バルトン男爵の領地は王都から馬車で半日の距離にあった。

広大な平野に小川が流れ、野花が一面に咲き乱れている。


「わあっ……!」


到着した瞬間、シモーヌは感嘆の声をあげて駆け出した。

ドレスの裾を気にすることも忘れ、花畑に身を投げ出す。

「見てください、男爵さま! どこまでもお花畑です! ここにベンチを置いて、ケーキを出したら……絶対みんな笑顔になりますわ!」


バルトンは少し驚いたように目を細め、それから肩を揺らした。


「……なるほど。観光収入につながるな」

「えっ、そういうことじゃなくて……」


シモーヌは唇を尖らせたが、次の瞬間、にっこり笑った。


「でも確かに、収入が増えれば、もっとスイーツが作れますわね!」


彼女の信念は揺るがない。

スイーツとお花畑は人を無条件に幸福にする――その力を、ここで存分に広めたいと心から思った。



数週間後。

シモーヌの提案で領地には「花畑散策とお茶会セット」という催しが始まった。

観光客は色とりどりの花の中を歩き、最後に野外テントでケーキと紅茶を楽しむ。

彼女が焼いた苺のタルトやバルトンの厨房で作られたカスタードプリンは大好評で、客は笑顔で帰っていった。
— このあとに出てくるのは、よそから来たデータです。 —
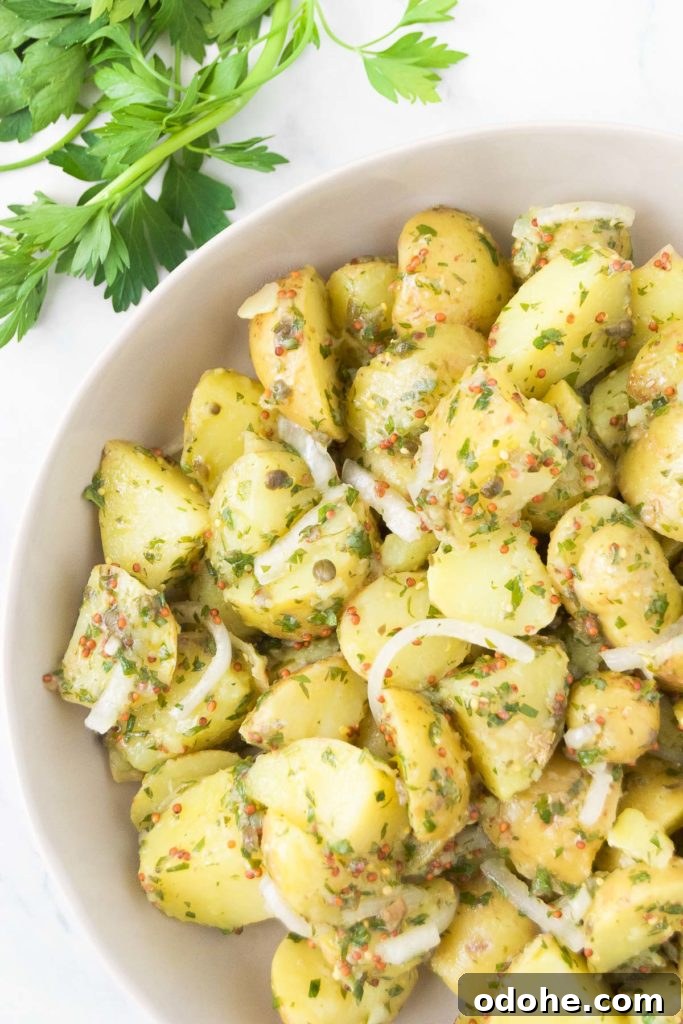 Vegan potato salad in a bowl next to fresh parsley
「ほらね、言ったとおりでしょう? スイーツとお花畑は無条件に人を幸せにするんです!」


誇らしげに胸を張るシモーヌを見て、バルトンは小さく笑った。


「……本当に、そうらしいな」


帳簿を手にした彼の目は、満足げに輝いている。


「利益も上々だ。君のおかげで領地が潤っていく」

「まあ! それじゃあ、わたしの夢とあなたの夢が両方叶ってますのね!」


シモーヌが目を輝かせると、バルトンは少し照れたように視線を逸らした。


「……利益が出たら、君に好きなケーキを買おう」

「えっ!? 本当ですか!?」


シモーヌは飛び跳ねんばかりに喜ぶ。



「では、チョコレートケーキと、レモンタルトと、それから――」

「全部は無理だ」


バルトンが苦笑しながら頭を振ると、シモーヌはぷうっと頬をふくらませた。

だがその表情すら、花畑の中で光り輝いて見えた。

こうして、二人の生活は少しずつ形を成していった。

シモーヌは信念のままに花畑とスイーツで人々を笑顔にし、バルトンは冷静に資金を回して領地を発展させる。


利害の一致から始まった二人の結婚生活は、次第に「ただ効率的」な関係を越えて――甘やかで、あたたかな時間を育み始めていた。